The astrophysicist said this in a discussion at the 2016 Isaac Asimov Memorial Debate, held at the American Museum of Natural History. Tyson was also accompanied by a panel of experts, counting Harvard physicist Lisa Randall and MIT cosmologist Max Tegmark.
The very notion of a simulated universe comprises an advanced civilization generating an artificial universe for their own entertaining purposes. Humans are already use computer programs to generate alternative realities, twith the help of virtual reality and computer gaming - so if a far more technically advanced civilization did the same, it is realistic to consider that their simulation would be wide-ranging.

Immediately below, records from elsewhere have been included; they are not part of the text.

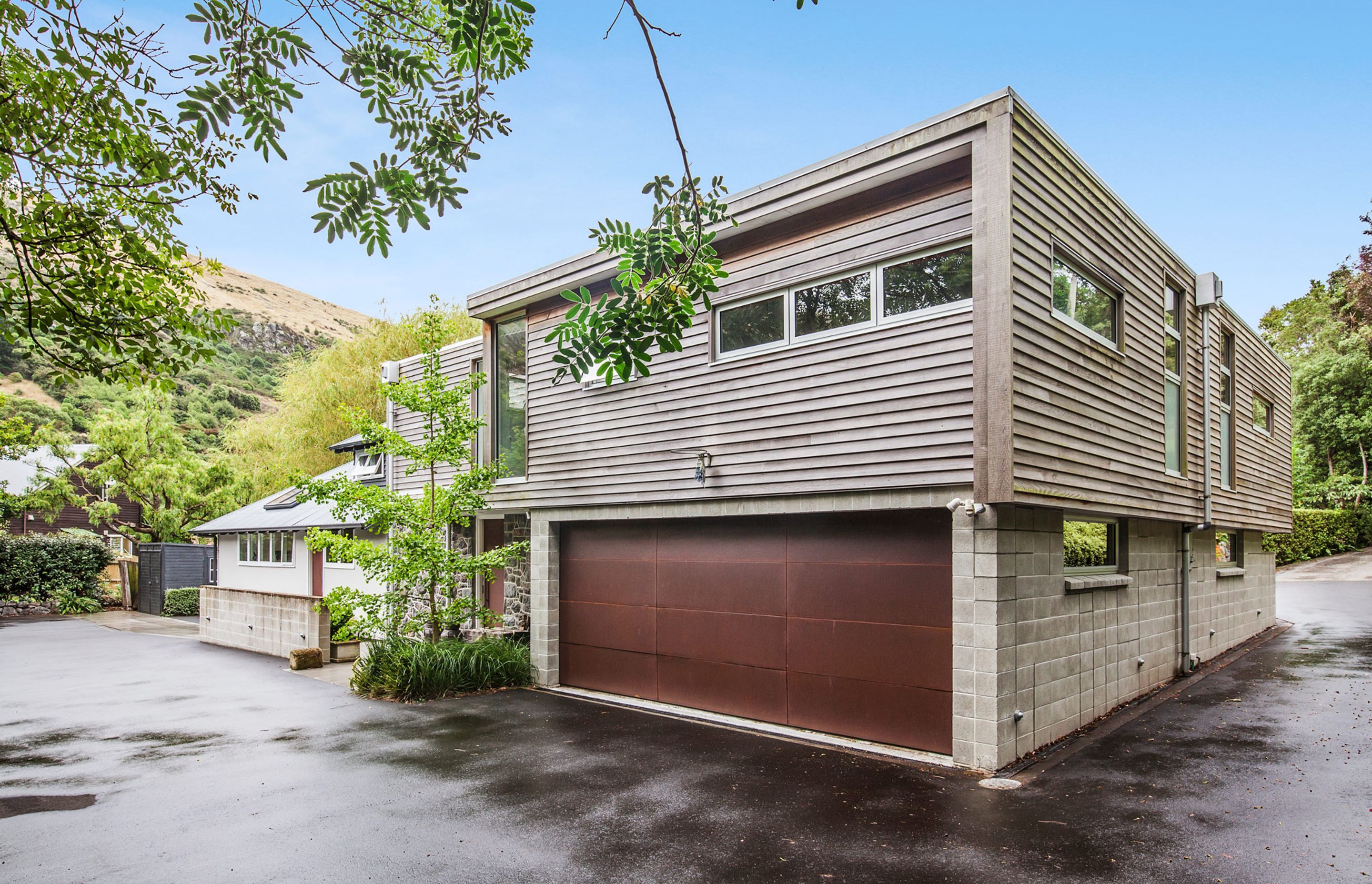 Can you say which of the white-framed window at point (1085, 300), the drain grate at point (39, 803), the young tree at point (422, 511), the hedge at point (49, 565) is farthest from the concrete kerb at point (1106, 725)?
the hedge at point (49, 565)

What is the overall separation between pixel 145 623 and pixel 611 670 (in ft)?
57.7

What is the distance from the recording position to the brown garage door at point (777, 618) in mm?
7551

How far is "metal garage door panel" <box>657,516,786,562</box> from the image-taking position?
888 cm

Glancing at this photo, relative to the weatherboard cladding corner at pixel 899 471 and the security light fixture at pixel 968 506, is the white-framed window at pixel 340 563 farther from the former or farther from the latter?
the security light fixture at pixel 968 506

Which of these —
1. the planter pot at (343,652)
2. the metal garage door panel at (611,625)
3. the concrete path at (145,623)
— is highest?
the metal garage door panel at (611,625)

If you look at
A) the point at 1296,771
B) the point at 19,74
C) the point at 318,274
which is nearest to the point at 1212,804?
Answer: the point at 1296,771

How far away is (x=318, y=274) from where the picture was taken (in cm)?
12431

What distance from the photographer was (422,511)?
11461mm

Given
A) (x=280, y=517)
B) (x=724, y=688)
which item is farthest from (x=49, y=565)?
(x=724, y=688)

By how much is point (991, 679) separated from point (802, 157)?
5255mm

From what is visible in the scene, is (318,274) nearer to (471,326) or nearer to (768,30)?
(471,326)

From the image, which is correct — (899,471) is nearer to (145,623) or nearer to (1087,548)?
(1087,548)

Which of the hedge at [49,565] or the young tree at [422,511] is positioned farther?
the hedge at [49,565]

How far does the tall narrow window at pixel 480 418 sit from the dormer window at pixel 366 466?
15.3 feet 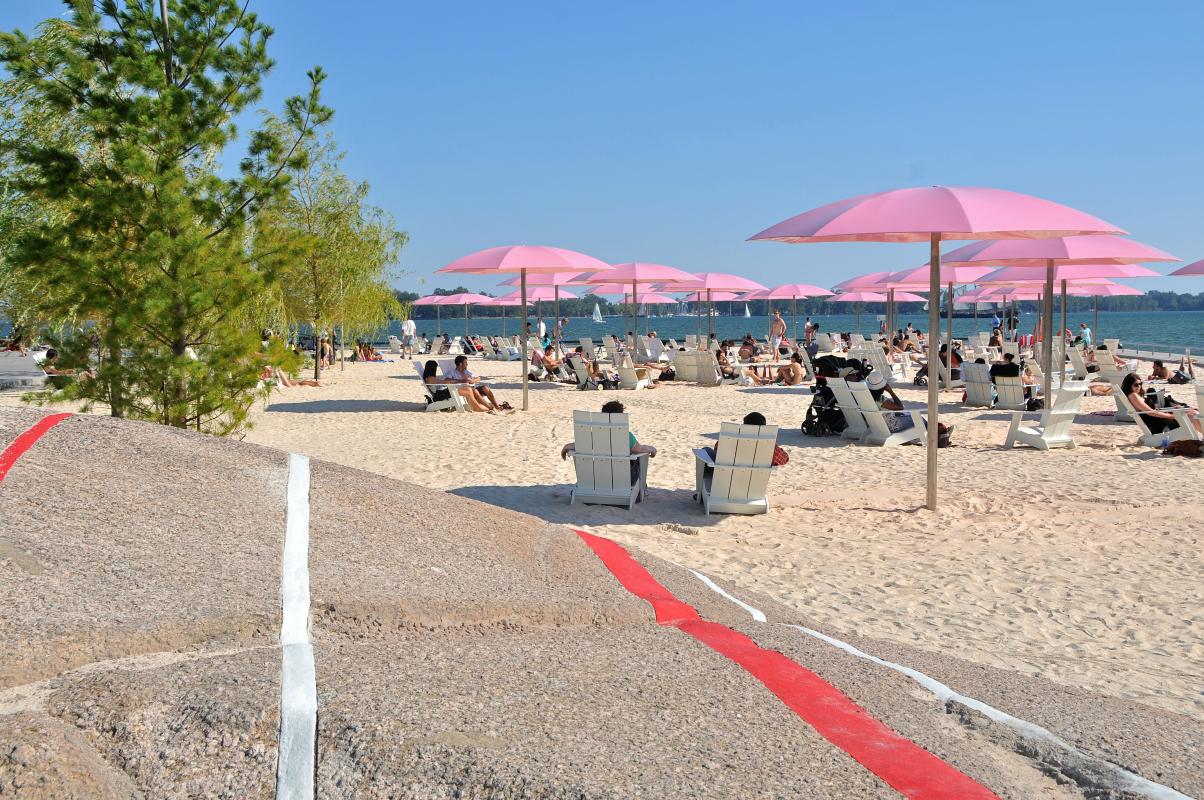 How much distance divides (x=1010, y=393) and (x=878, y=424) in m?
4.50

Astronomer Royal Martin Rees (who was not present at the discussion) once said that: "It's not crazy to believe that sometime in the far future, there could be computers which could simulate a fairly large fraction of a world."
At the discussion, Randall said the odds of universe being not real are close to zero. One of the opinions for a simulated universe is that if we exist in a computer programme, everything would be software so there has to be some sort of error codes that we could find. But, Randall also said that universes where errors could extent would ultimately break down – not like our own, seemingly stable universe.
But Neil Degrasse Tyson disagreed. According to him, he would not be amazed if our universe was made by a far more intelligent civilization than ourselves. He said "What would we look like to them?.We would be drooling, blithering idiots in their presence?
“If that's the case, it is easy for me to imagine that everything in our lives is just the creation of some other entity for their entertainment. I'm saying, the day we learn that it is true, I will be the only one in the room saying: 'I'm not surprised'."